The four families said their forced relocation would not only infringe on their rights of property and residence, but also degrade their dignity as well as infringe on their rights of family, privacy and living.
However, the court said that if the families were forcibly removed and relocated, only the houses and other material things would be damaged.
The families could be compensated financially for this damage, the court said, adding that the families’ views, attachment and sentiments regarding the houses and land did not comply with the legal definition of “irreparable damage.”
In accordance with the Administrative Appeals Act (行政訴訟法), reasons for appeals to stop forcible relocation and demolition must meet the definitions of “irreparable damage” or “matters of emergency,” it said.
In response to the court ruling, Thomas Chan (詹順貴), a Taiwan Rural Front member and an attorney who represents the four families, said that although the ruling did not surprise him, he was surprised that it seemed to be based on the belief that “money is everything.”
“The court ruling is telling people that human rights have a monetary value and taxpayers’ money can make up for government mistakes,” Chan said. “I wonder if the judges would rule the same way if it were their own houses that were to be demolished.”
Separately yesterday, Democratic Progressive Party (DPP) lawmakers said the central government should not evade its legal responsibility for the controversial demolition plans by delegating the decision to a local government.
The Ministry of the Interior is the responsible agency for state-authorized land expropriation, and the Land Expropriation Act (土地徵收條例) and the Urban Planning Act (都市計畫法) stipulate that all urban planning plans require approval from the Executive Yuan, DPP Legislator Yu Mei-nu (尤美女) told a press conference in support of the four Dapu families’ rights to keep their houses.
“That was why the central government, including officials such as President Ma Ying-jeou (馬英九), Vice President Wu Den-yih (吳敦義) and Premier Jiang Yi-huah (江宜樺), should shoulder the responsibility for this controversial case,” she said.
The demolition order for July 5, issued by the Miaoli County Government, was briefly suspended three years ago by Wu, who, as premier at the time, pledged to keep the houses intact.

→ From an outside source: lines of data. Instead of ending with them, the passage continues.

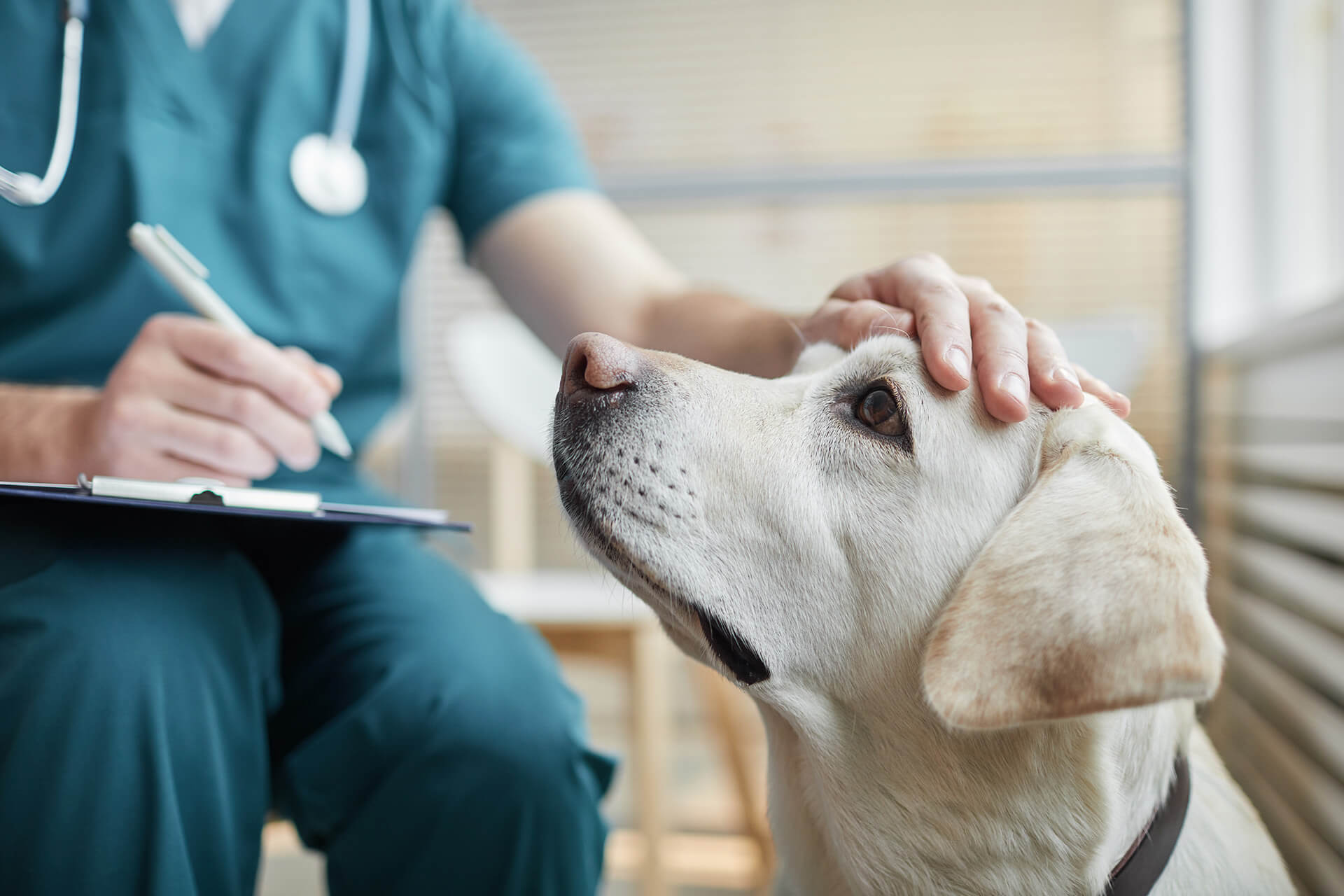 New Puppy Veterinarian in Pennsylvania Banner-1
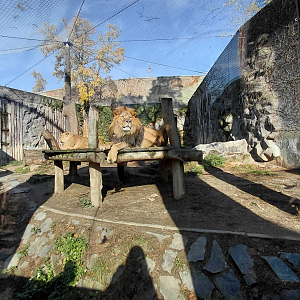 Barbary lion outdoor exhibit #1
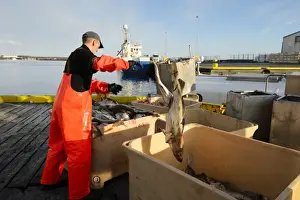 Caught Prints: Commercial fishing, unloading and sorting Atlantic Cod (Gadus morhua) catch in harbour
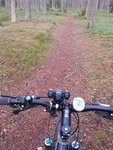 2014-11-23 13.12.48.jpg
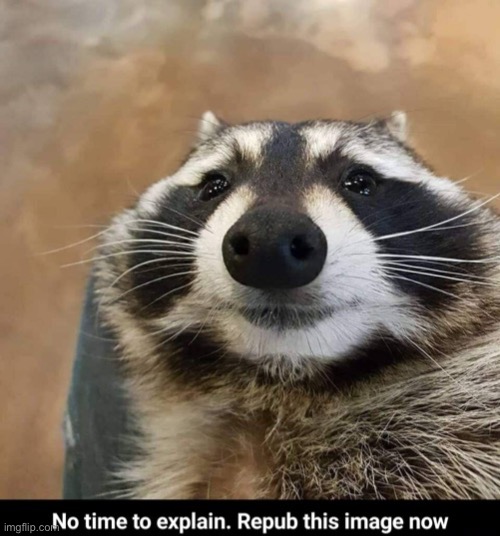 Raccoon | image tagged in repost | made w/ Imgflip meme maker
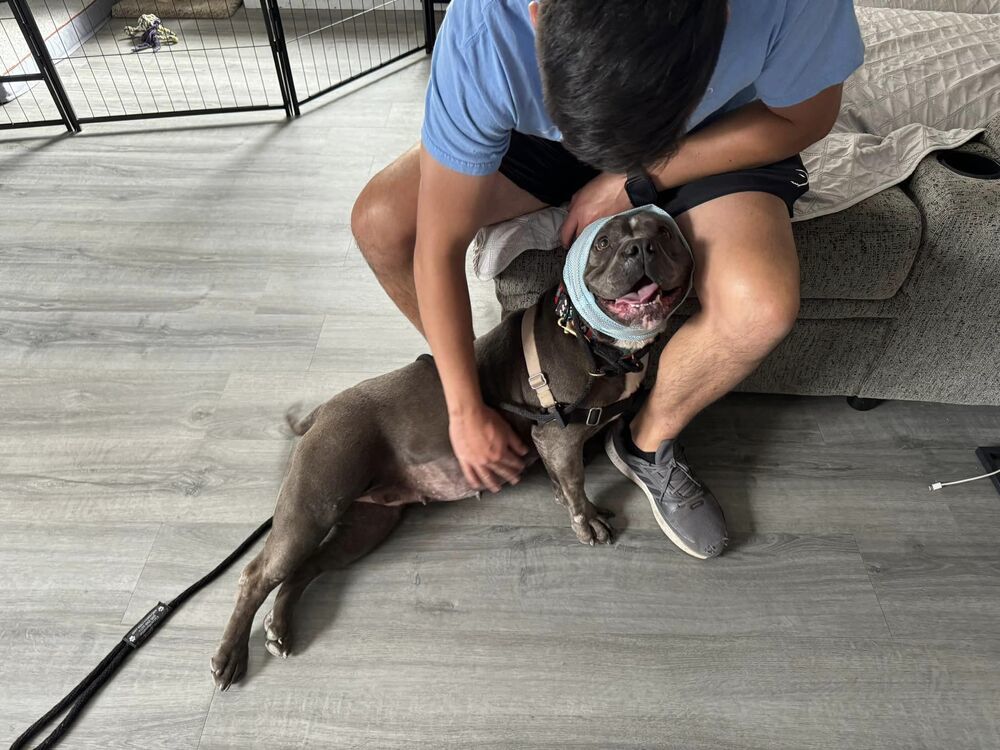 Gloria, an adoptable Pit Bull Terrier in Albuquerque, NM, 87199 | Photo Image 3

However, the central government still left the decision to the county government after a meeting convened by Wu last week.
Miaoli County Commissioner Liu Cheng-hung (劉政鴻) insisted the houses would be demolished to make way for a science park.

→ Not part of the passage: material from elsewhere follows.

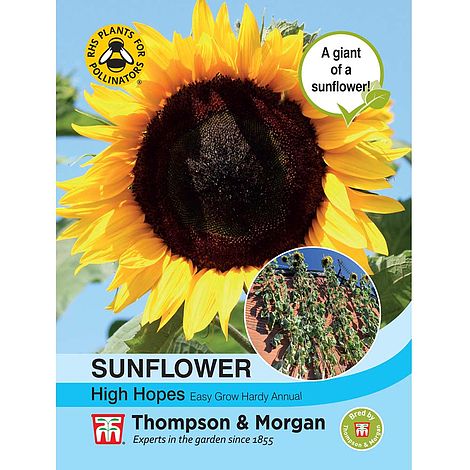 Sunflower High Hopes Flower Seeds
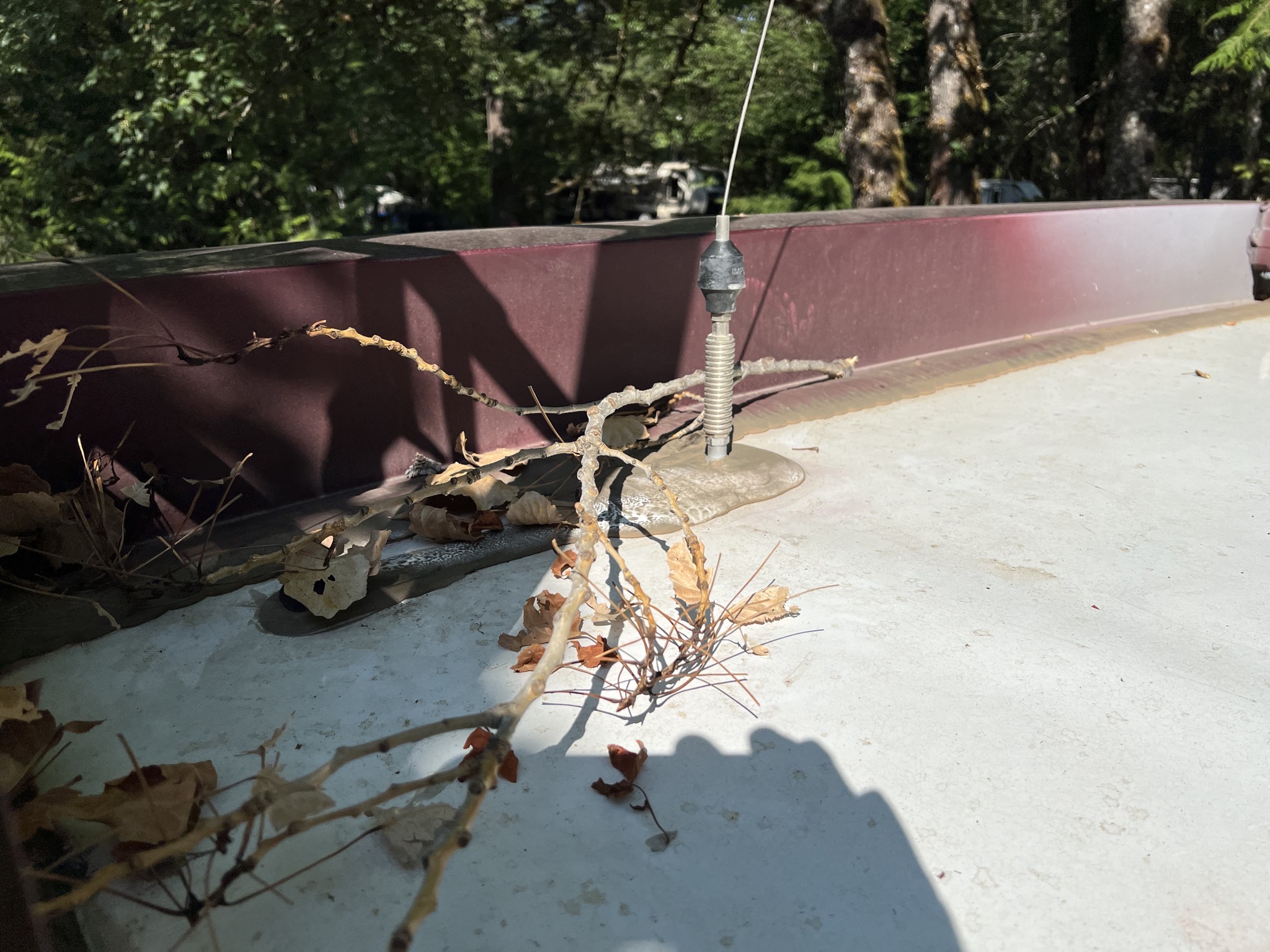 Branch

“To some extent, the central government’s indifference has encouraged Liu’s act of inciting division between residents of the village as well as the Miaoli County Council’s plan to mobilize those residents in favor of the demolition to protest in Taipei,” Dapu Farmers’ Self-Help Association spokeswoman Yeh Hsiu-tao (葉秀桃) said.
DPP Legislator Lin Shu-fen (林淑芬) said Liu asked the farmers to “cooperate” with the county government because it has been under tremendous financial pressure over a NT$4.5 billion (US$151 million) loan from the central government.
“The county government is trying to legitimize its real-estate speculation by demolishing people’s houses for government gains,” she said.